Thank you @jthielen for your response. I noticed that a new release of MetPy was released and it did finally fix the issues I was having with the MetPy example of cross_section.py script.

However when I tried your fix for my specific dataset, I came across an issue at the xr.open_dataset(access_url).metpy.parse_cf() step.

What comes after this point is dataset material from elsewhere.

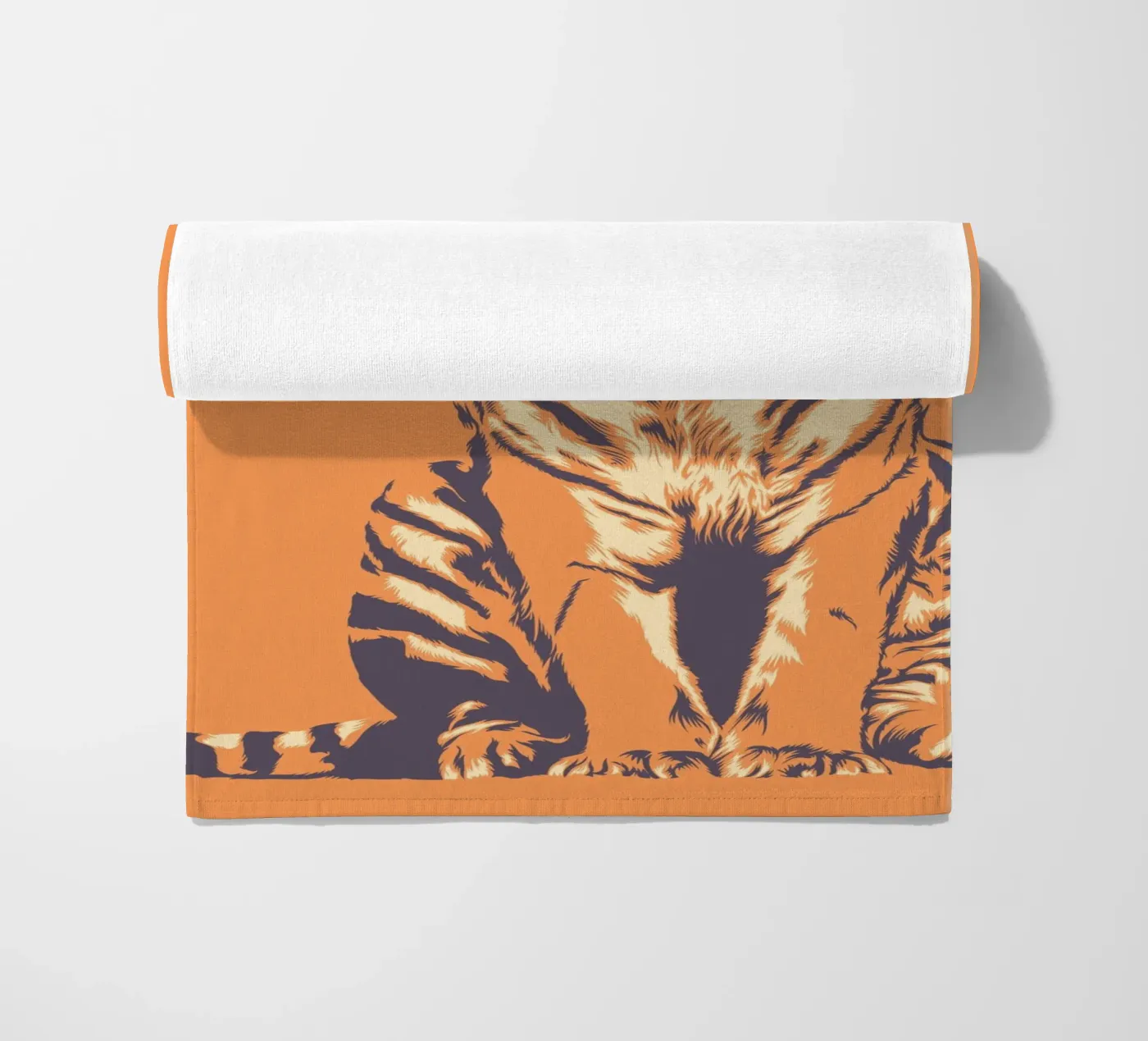 TIGRE telo mare da Cranio Dsgn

I copy and pasted your recommended script and I get an error:

(C:\Users\melev\Desktop\FORCE\NARRviz\narrviz2) C:\Users\melev\Downloads>python my_narr_cross_section_v2.py
C:\Users\melev\Desktop\FORCE\NARRviz\narrviz2\lib\site-packages\xarray\conventions.py:494: SerializationWarning: variable 'air' has multiple fill values {9.96921e+36, -9.96921e+36}, decoding all values to NaN.
  use_cftime=use_cftime,
oc_open: server error retrieving url: code=403 message="Request too big=2781.088864 Mbytes, max=500.0"oc_open: server error retrieving url: code=403 message="Request too big=2781.088864 Mbytes, max=500.0"oc_open: server error retrieving url: code=403 message="Request too big=2781.088864 Mbytes, max=500.0"oc_open: server error retrieving url: code=403 message="Request too big=2781.088864 Mbytes, max=500.0"oc_open: server error retrieving url: code=403 message="Request too big=2781.088864 Mbytes, max=500.0"oc_open: server error retrieving url: code=403 message="Request too big=2781.088864 Mbytes, max=500.0"oc_open: server error retrieving url: code=403 message="Request too big=2781.088864 Mbytes, max=500.0"Traceback (most recent call last):
  File "my_narr_cross_section_v2.py", line 13, in <module>
    ttds = xr.open_dataset(access_url).metpy.parse_cf()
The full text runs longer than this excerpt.